Add Bootstrap Confidence Intervals for Attack Success Rates #1577

patriciapampanelli · 2026-01-27T19:06:22Z

Summary

Adds 95% bootstrap CIs to attack success rates, accounting for sampling variance and detector imperfection via Rogan-Gladen correction.

Changes

New: bootstrap_ci.py, detector_metrics.py - CI calculation with Se/Sp correction
Modified: evaluators/base.py - CI integration into eval pipeline and output
Modified: report_digest.py - CI propagation through reports

Methodology

Resampling: Draws 10,000 bootstrap samples from the binary pass/fail results (with replacement)
Correction: Adjusts each sample's observed rate using the Rogan-Gladen formula to account for detector error
Interval extraction: Takes the 2.5th and 97.5th percentiles as CI bounds

The correction formula:

P_true = (P_obs + Sp - 1) / (Se + Sp - 1)

P_obs = observed failure rate in the resampled data
Se = detector sensitivity (probability of detecting a true attack)
Sp = detector specificity (probability of correctly passing a benign response)

Requires ≥30 evaluated outputs per probe-detector pair; falls back to perfect detector (Se=Sp=1.0) when detector metrics unavailable.

Statistical Limitations

Se/Sp treated as fixed (no detectors uncertainty propagation)
Uses detector-level metrics only (not probe-specific): Detector performance (Se/Sp) can vary depending on the probe.

Out of Scope

Probe-specific Se/Sp lookup

Signed-off-by: Patricia Pampanelli <ppampanelli@nvidia.com>

erickgalinkin

Would be nice to find a better way to print this. I'm mostly confident that this methodology can work, though I had trouble writing a formal proof that this gives us a true 95% CI.

erickgalinkin · 2026-01-27T19:33:11Z

docs/source/reporting.rst

+During console output, attack success rates may include confidence intervals displayed as: ``(attack success rate: 45.23%) ± 2.15``.
+The ± margin represents the 95% confidence interval half-width in percentage points.

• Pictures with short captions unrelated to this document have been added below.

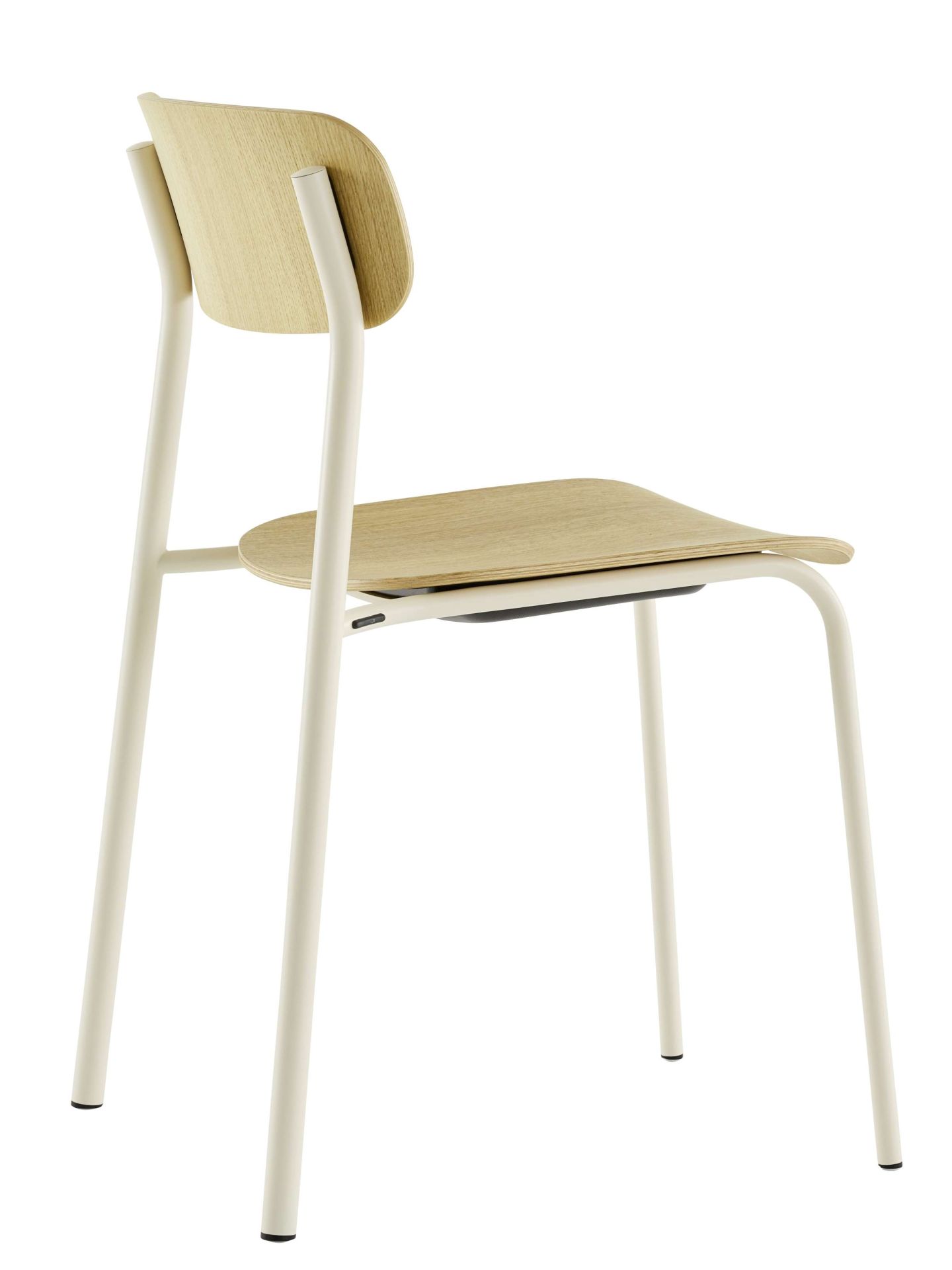 S 243 Stahlrohrstuhl in Olivgrün von Thonet, minimalistisches Design mit hellem Holz und Stahlrohrgestell.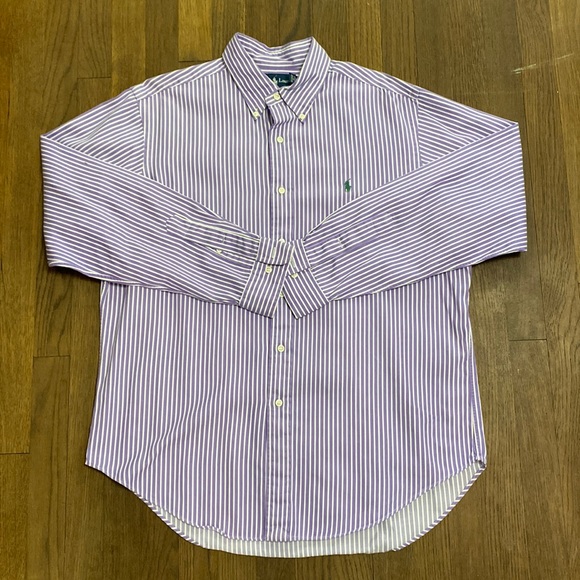 Classic-Fit Button Down Collar Striped Dress Shirt - Picture 1 of 2
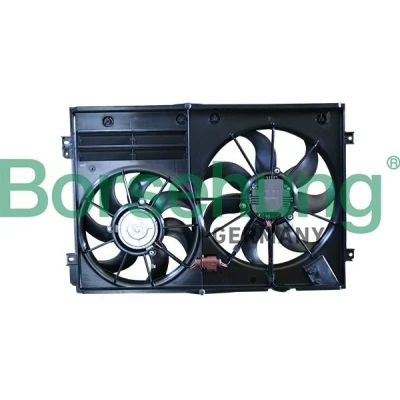Imagem de Borsehung B19251 Ventilador de Radiador 300W+200W com comando da borboleta VOLKSWAGEN: Polo V Hatchback, GOLF 6, Jetta 3, SEAT: Altea XL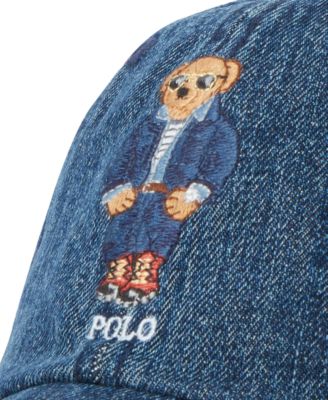 Polo Ralph Lauren Men's Polo Bear Denim Ball Cap - Macy's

Realistically, our + and - won't be evenly distributed. We almost universally have asymmetric CIs.

Absolutely, yes, they are already calculated asymmetrically. I'll correct how the CI's are displayed.

Done. Updated to bracketed format [lower%, upper%].

garak/analyze/bootstrap_ci.py

erickgalinkin · 2026-01-27T19:35:02Z

garak/analyze/bootstrap_ci.py

+        p_obs = resampled_results.mean()
+
+        # Apply Se/Sp correction to get true ASR
+        # TODO: propagate detector metric uncertainty (requires Se/Sp CIs in detector_metrics_summary.json)


garak/analyze/bootstrap_ci.py

erickgalinkin · 2026-01-27T19:43:29Z

garak/evaluators/base.py

+            ci_text = (
+                f" ± {(ci_upper - ci_lower) / 2:.2f}"
+                if ci_lower is not None and ci_upper is not None
+                else ""
+            )


Doesn't this assume even distribution? I understand there's some lossiness in printing it this way, but I'd think that if failrate is, for example, 100%, we'd want something more like:
ci_lower <= failrate? Hard to manage it, but I'm not completely sure how to avoid saying something like "100% ± 10%"

would love to do this based on model of distribution of probe:detector scores acquired during calibration, thus ditching the frequently-untrue even assumption

@leondz I have a separate research branch where I try a totally different calculation. Working on checking how different my bounds (which are derived from a nonparametric test on an empirical CDF) are compared to these.

garak/evaluators/base.py

…ic ± format Signed-off-by: Patricia Pampanelli <ppampanelli@nvidia.com>

Co-authored-by: Erick Galinkin <erick.galinkin@gmail.com> Signed-off-by: Patricia Pampanelli <38949950+patriciapampanelli@users.noreply.github.com>

Signed-off-by: Patricia Pampanelli <ppampanelli@nvidia.com>

leondz

Shaping up well. Few minor requests around non-duplication and configuration. Larger questions about where this code belongs and how to support CI calculation beyond Evaluator.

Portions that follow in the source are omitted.